Rien à signaler sur ce salarié qui remplit ses missions et travaille normalement. Pourtant, le 13 novembre 2018, il est convoqué à un entretien préalable en vue d'un licenciement. Ce courrier s'accompagne d'une mise à pied à titre conservatoire. L'entreprise ne tarde pas à poursuivre les démarches et il est licencié pour une cause réelle et sérieuse 1 mois plus tard, le 18 décembre 2018. Joyeux Noël !

Mais alors comment Chanel justifie le licenciement de ce contrôleur de gestion ? L'entreprise lui reproche d'avoir dissimulé son mariage avec sa femme. Cette dernière est une ancienne salariée de Chanel. Ancienne car elle a subi le même sort que son mari quelques années plus tôt : le licenciement. Aujourd'hui, un litige judiciaire oppose Chanel et son ancienne salariée. L'entreprise reproche au contrôleur de gestion d'avoir caché son union avec elle, estimant qu'il a manqué de loyauté et que cette situation peut entraîner un conflit d'intérêts.

Certes, le contrôleur de gestion avait accès à des fichiers confidentiels. Toutefois, il ne se laisse pas faire et saisit les prud'hommes pour obtenir la nullité de son licenciement. Il invoque le respect de sa vie privée. Malheureusement pour lui, la Cour d'Appel de Versailles rejette sa demande dans un arrêt du 30 mai 2024. Les juges retiennent que le contrôleur de gestion a menti, allant même jusqu'à dire que sa femme travaillait chez un concurrent, Hermès. Ils mettent également en avant un point dans le contrat du salarié qui indique qu'il doit tenir l'employeur informé de sa situation familiale. 

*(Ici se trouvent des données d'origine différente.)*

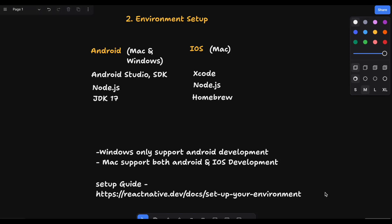Next we are going to the environment setup. First you have to follow the guide according to your system. If you are using Windows then you can only do the Android build. If you are using Mac, Mac can support both Android and iOS development and you can build the application for both devices.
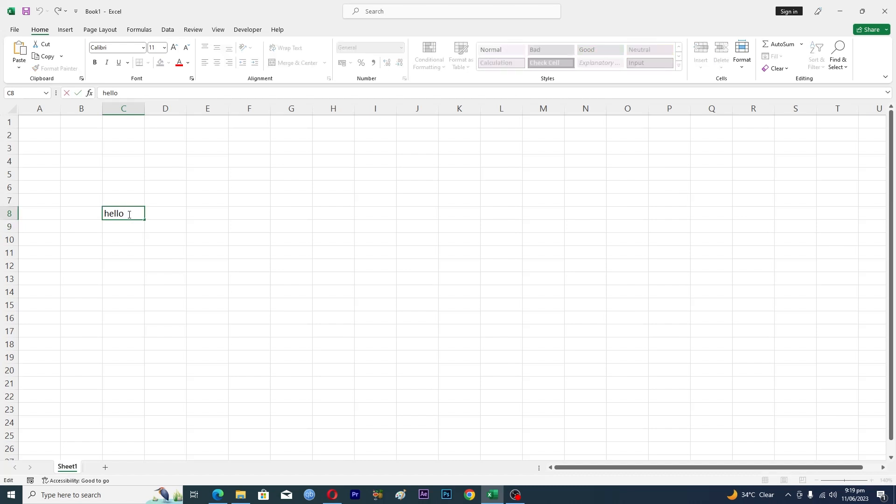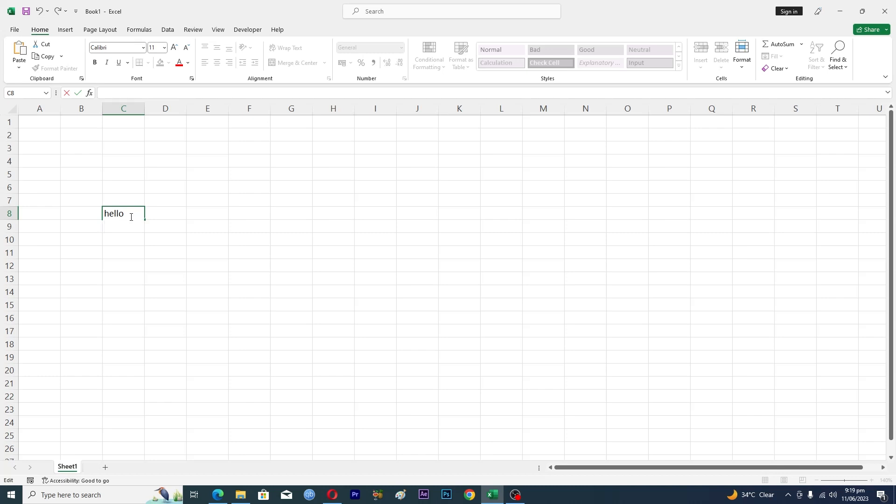I will hold Alt and then I will press Enter here. Now I am into the next line and then I will type here like this one. Then I will hold Alt and press Enter here.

Le salarié poursuit sa lutte devant la Cour de cassation le 10 décembre 2025. Il s'appuie toujours sur le respect de la vie privée garanti par le Code civil, le Code du travail et la Convention Européenne des Droits de l'Homme. La Haute Juridiction prend le parti du contrôleur de gestion et casse l'arrêt de la Cour d'Appel, estimant que le droit à la vie privée n'avait pas été respecté. L'affaire est désormais renvoyée devant la Cour d'Appel de Versailles qui devra trancher sur le sort du licenciement.

"Le silence du salarié sur sa vie personnelle ne constitue donc pas en soi un manquement à l'obligation de loyauté, quand bien même ce silence s'accompagnerait de déclarations inexactes, tant que l'information dissimulée reste sans incidence sur l'exercice des fonctions, analyse Xavier Berjot, avocat en droit du travail au Barreau de Paris. En l'espèce, la Haute juridiction pose un principe clair : l'employeur ne peut, "sans violation de la vie privée, cette liberté fondamentale, obliger les salariés à lui communiquer des informations sur leur situation familiale."

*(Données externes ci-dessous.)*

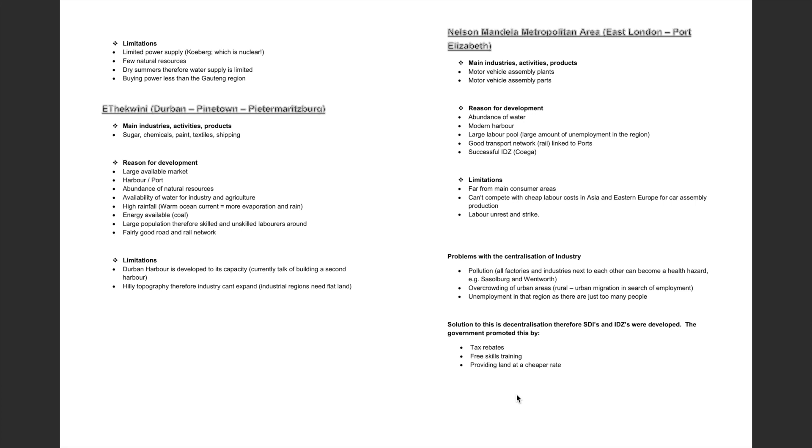Some limitations for this area include the fact that it's far from main consumer areas, it cannot compete to achieve labour costs in Asia and Eastern Europe for car assembly production, and labour unrest and strikes.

Autre point sur laquelle, la Cour de cassation s'est opposée à Chanel : le conflit d'intérêt. "Il faut démontrer un lien concret et objectif entre la situation personnelle et les fonctions exercées. En l'espèce, bien que le salarié fût auditeur interne avec accès à des données sensibles, aucun élément ne démontrait que sa relation matrimoniale avec une ancienne assistante juridique d'un autre établissement pouvait concrètement affecter l'exercice de ses missions", appuie l'avocat.

Si la nouvelle juridiction qui reprendra cette affaire requalifie ce licenciement sans cause réelle et sérieuse, le salarié pourra demander gros. Il pourra demander sa réintégration avec le paiement de ses salaires depuis son éviction ou une indemnité qui devra au moins représenter 6 mois de salaire. "Il convient de noter que la cour d'appel avait fixé le salaire de référence à 8 090,21 euros et que le salarié sollicitait initialement une indemnité de 200 000 euros", ajoute Xavier Berjot. Se battre contre une même entreprise avec sa femme, une sacrée définition du mariage.